Retype word for word the line containing "Vintage ice or" and each line that follows it in the records below, through the last one, with no pictures.

"""

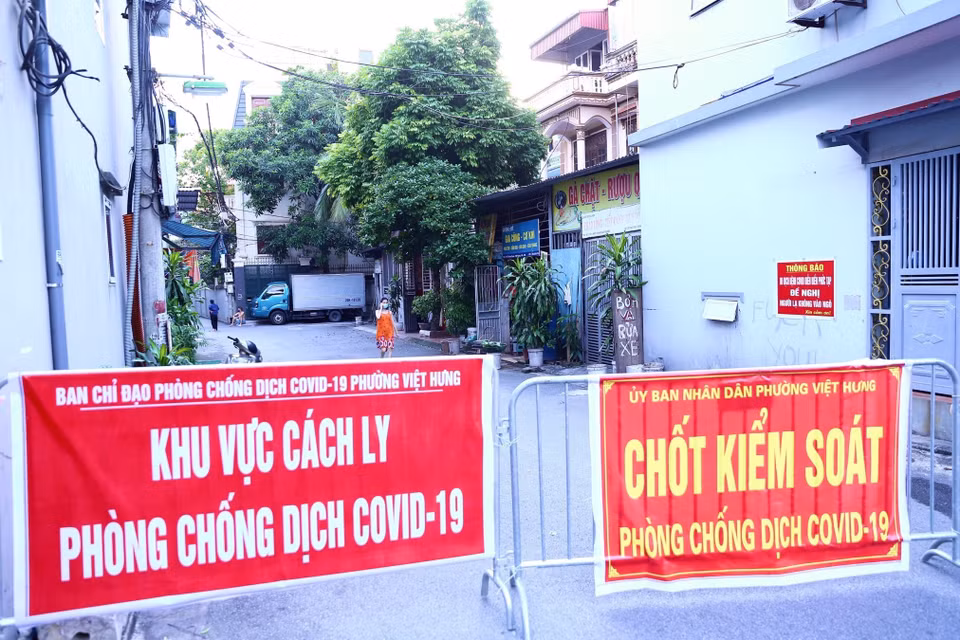 Mọi ngả đường vào khu vực đều được rào chắn cứng ngăn người và phương tiện lưu thông (ảnh chụp ngày 18/9/2021). (Ảnh: Hoàng Hiếu/TTXVN)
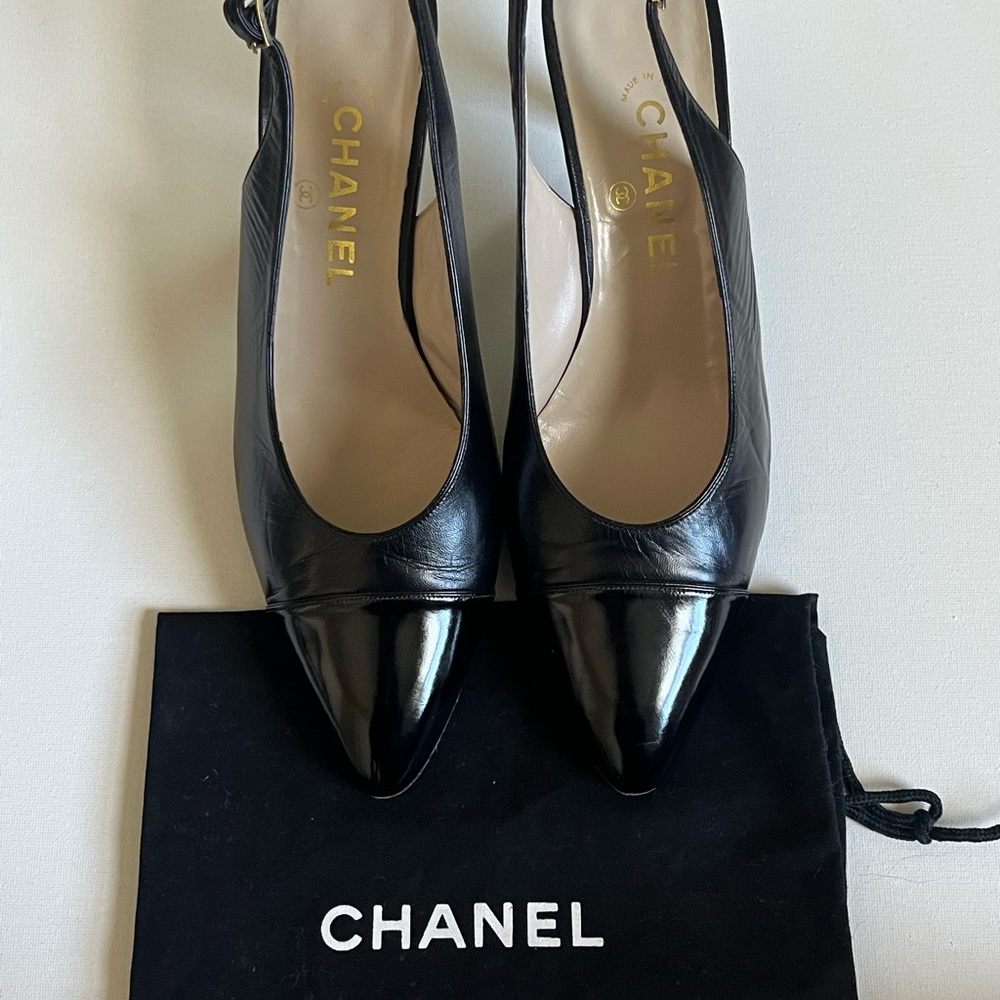 Authentic Chanel slingback shoes with bag size 9 in black.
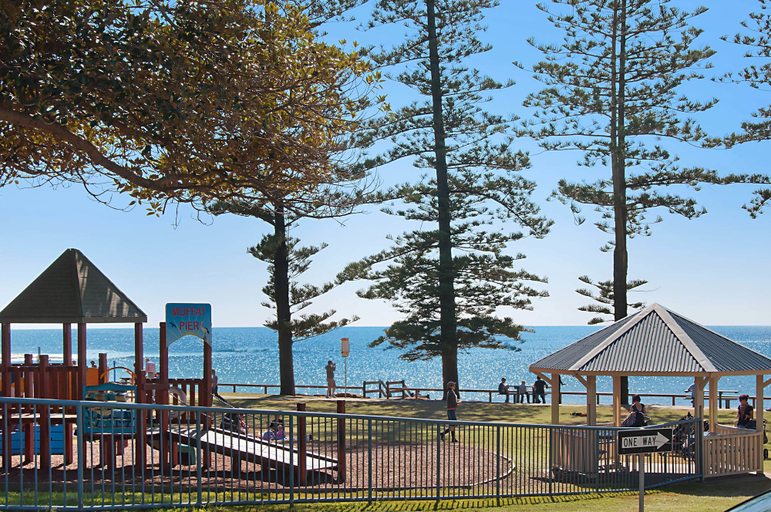 Exterior & Views 2, Norfolks on Moffat Beach, Caloundra - Caloundra N.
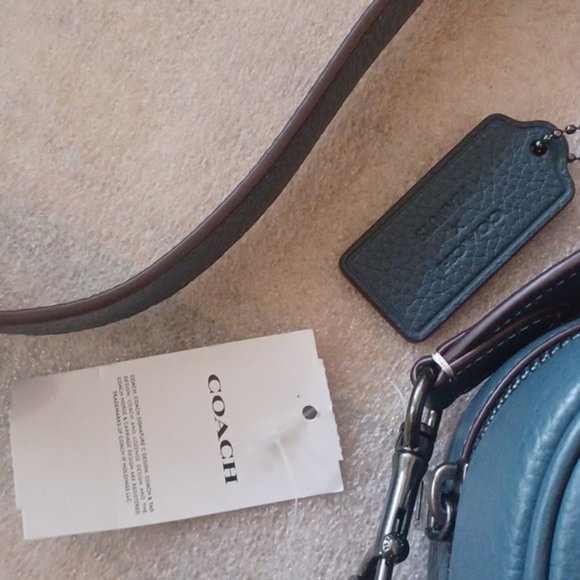 SOLD - NEW Coach X Peanuts Jamie Camera Bag With Snoopy Ski Motif - Picture 5 of 9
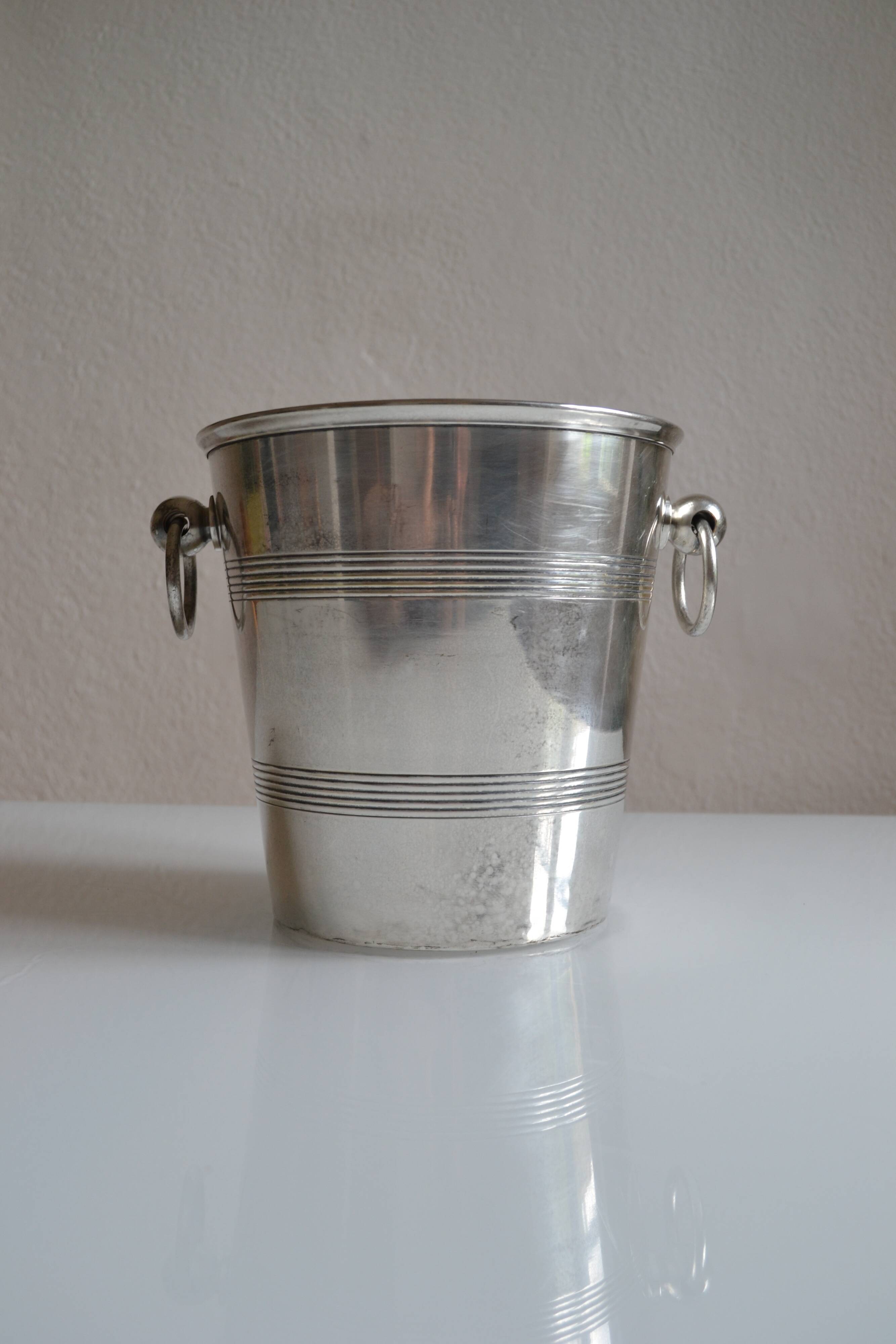 Vintage ice or champagne bucket in silver metal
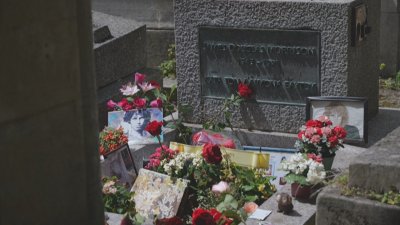 След 37 години откриха откраднатия бюст от гроба на Джим Морисън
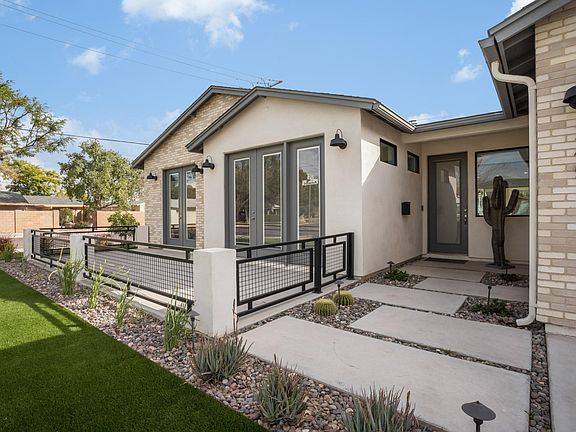 Beautiful Courtyard and Entry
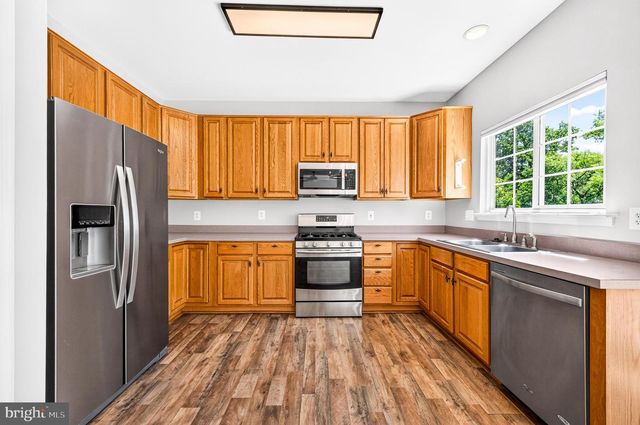 6853 HOLLOW GLEN CT, Gainesville, VA 20155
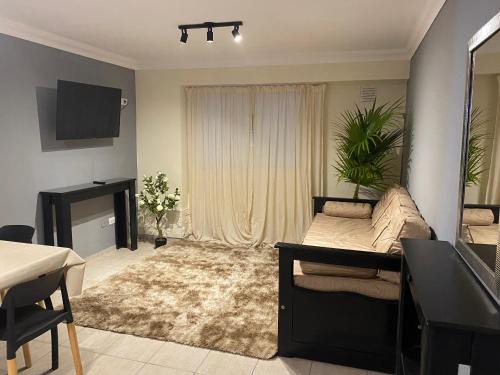 Moderno departamento céntrico, con piscina-Barrio Norte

"""

(The completed task)
 Vintage ice or champagne bucket in silver metal
 След 37 години откриха откраднатия бюст от гроба на Джим Морисън
 Beautiful Courtyard and Entry
 6853 HOLLOW GLEN CT, Gainesville, VA 20155
 Moderno departamento céntrico, con piscina-Barrio Norte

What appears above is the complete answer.